Weld et al SIGMOD 2009

From Cohen Courses
Jump to navigationJump to search

Citation

Weld, D. S., Hoffmann, R., and Wu, F. 2009. Using Wikipedia to bootstrap open information extraction. SIGMOD Rec. 37, 4 (Mar. 2009), 62-68.

Online version

ACM Digital Library

Summary

This is a recent paper paper that addressed the Open Information Extraction problem. Authors used a self supervised learning prototype, KYLIN (Wu and Weld, CIKM 2007), trained using Wikipedia. There are three components in the proposed solution:

  1. Self Learning
    • The infobox of Wikipedia pages are used to determine the class of the page and attributes of the class.
    • Training data for the extraction were constructed from these Wiki pages using heuristics. First a heuristic document classifier will classify documents into classes, then sentence classifier (MaxEnt with bagging bagging) determine if a sentence contains the relations.

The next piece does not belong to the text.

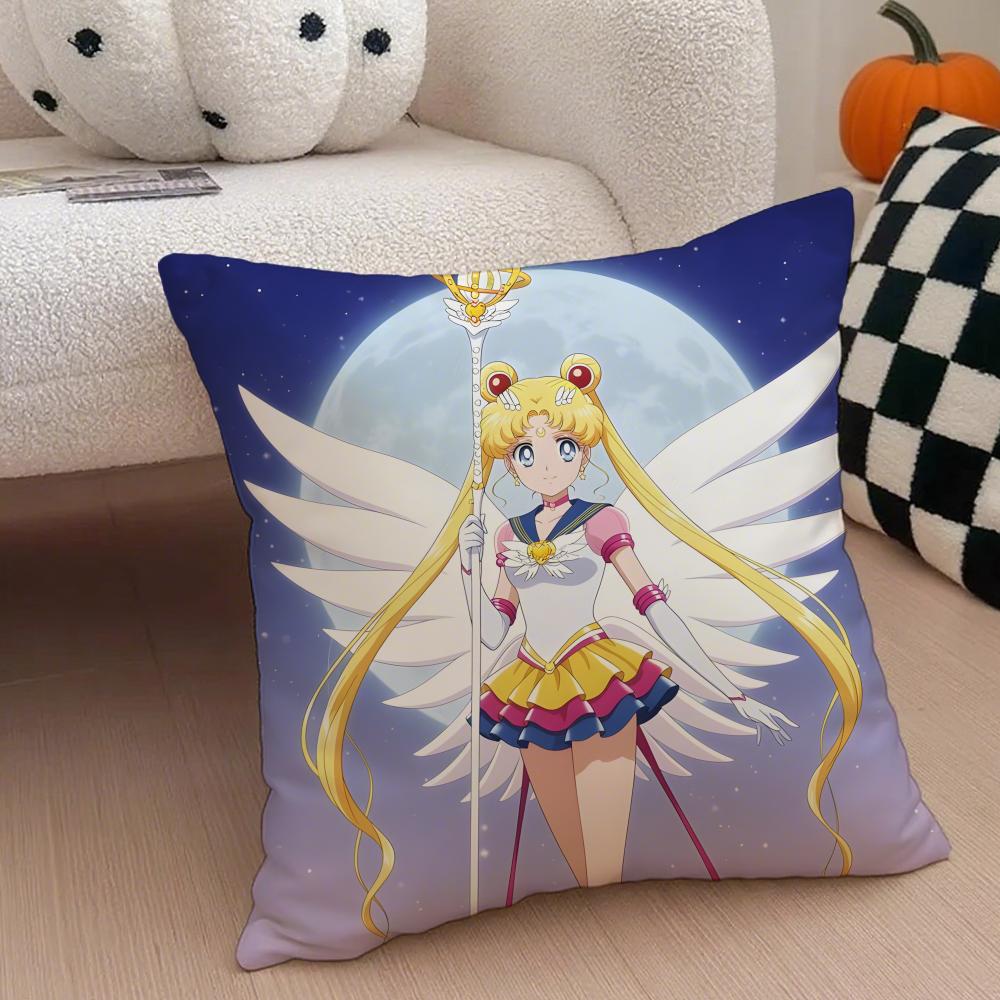 Dreamlike Cute SSailor Moon Cushion Cover Throw Pillow Cover Hidden Button Durable Polyester Chair Cushion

After that a CRF model will extract the values (second entities) of relations.
    • Shrinkage was used to improve the recall with a automatic ontology generator which combine the infobox classes with WordNet. This ontology gives a hierarchy of classes and facilitate the training of a subclass with the data of super class.
  2. Bootstrapping
    • More training data were harvest from Web using TEXTRUNNER (Banko et al, IJCAI 2007).
    • Web pages were weighted using the estimate of their relevance to the relation.
  3. Correction
    • An interface to encourage community to make correction, so more training data will be collected.

Related papers

More details of KYLIN can be found in Wu and Weld, CIKM 2007 in the task of refining Wikipedia. A follow up paper (Wu and Weld, ACL 2010) refine the solution by adding dependency parsing features to train model.